Example: DO NOT apply an oxidizing agent such as Hydrogen Peroxide or a high P.H. enzyme to hair dye stains. It will only intensify them.
Oxygen bleaches often work by liberating oxygen in a manner by which an effervescing does occur. effervescing is the emission of small bubbles. The physical manifestation and collapse of these bubbles create a monumental physical action at a very microscopic level. This physical action creates a great deal of movement, or agitation to soils of the 1-4 micron range. This aids greatly in removal, and is the basis for soil removal of popular processes, such as CD. This same action can be of help, in addition to oxidation, for removal of soiling such as filtration.
As discussed, alkali accelerates hydrogen peroxide’s liberation of oxygen. But almost any contaminant will cause a reaction, and not always a good one. Certain acids can have some unpredictable results if combined with hydrogen peroxide. So it is best not to experiment with any acids “on hand” in any manner, to achieve a desired effect. For example, if one uses acetic acid in an effort to accelerate hydrogen peroxide, some of the reaction will create another compound called peroxyacetic acid. Peracetic (peroxyacetic) acid is a highly corrosive organic peroxide that will bleach out most any dye, and degrade natural fibers. Many people who have used this combination literally bleach out all color and ruin the fibers.
Hydrogen peroxide and ammonium hydroxide: Ammonium hydroxide is among the fastest & controlled means to liberate the oxygen from H2O2.

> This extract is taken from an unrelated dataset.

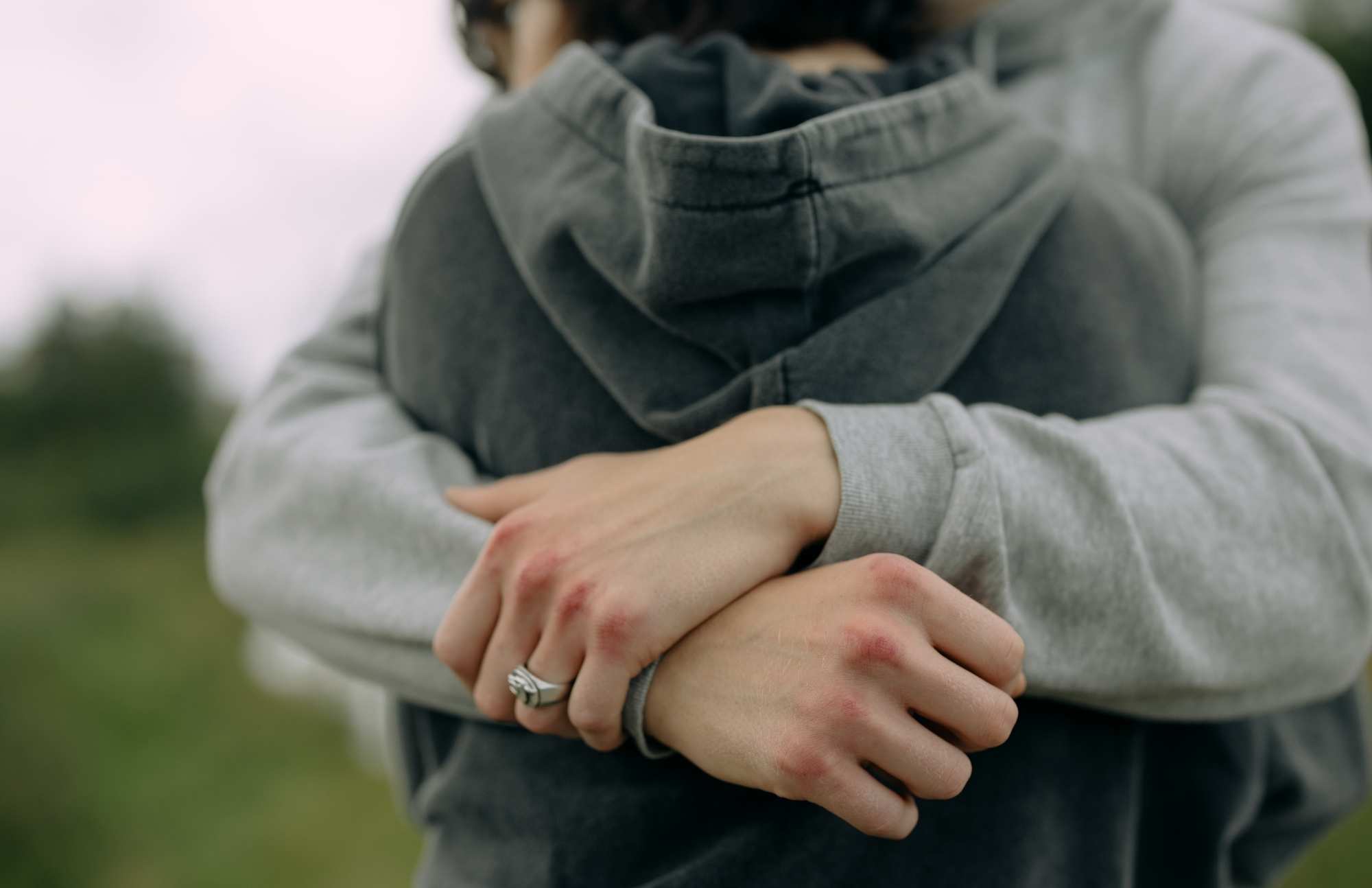 Close-up of a couple holding hands, emphasizing the importance of STD testing for maintaining safe and healthy relationships.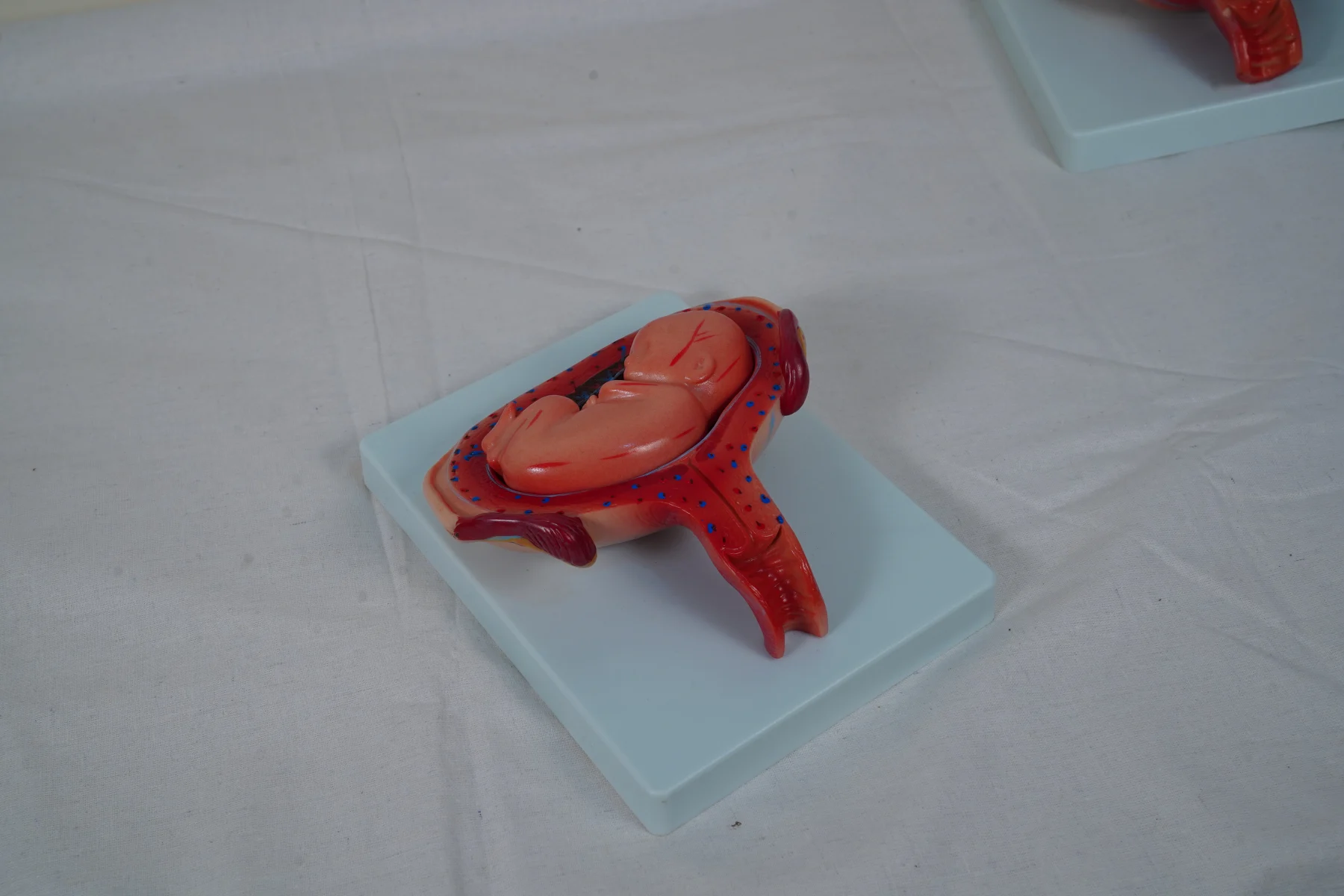 The Development Process for Fetus (Half Size) thumbnail 10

The addition of heat, while many times a benefit for the action of a reducer, can be very unpredictable when used contrary to the formula's instructions. Heat used with a Reducer, on a stain better removed by oxidation, in some instances, can cause setting. Subsequent use of an oxidizer may then be far less, or not effective.
Additionally, heat when used with an oxidizer can lead to partial or total color loss. One should only apply heat to an oxidizer, if the product's instructions specifically indicate that it is correct and safe to do so.
Some fibers, especially natural fibers, require very specialized oxidizers and reducers to allay chemical degradation of fibers (and dyes). Know your products, and the fibers on which they are to be used.
Never, ever, mix an oxidizer and a reducing agent together. Not only will they will not then function, the chemical reaction can be dangerous. Always thoroughly rinse the fibers between switched/different product procedures.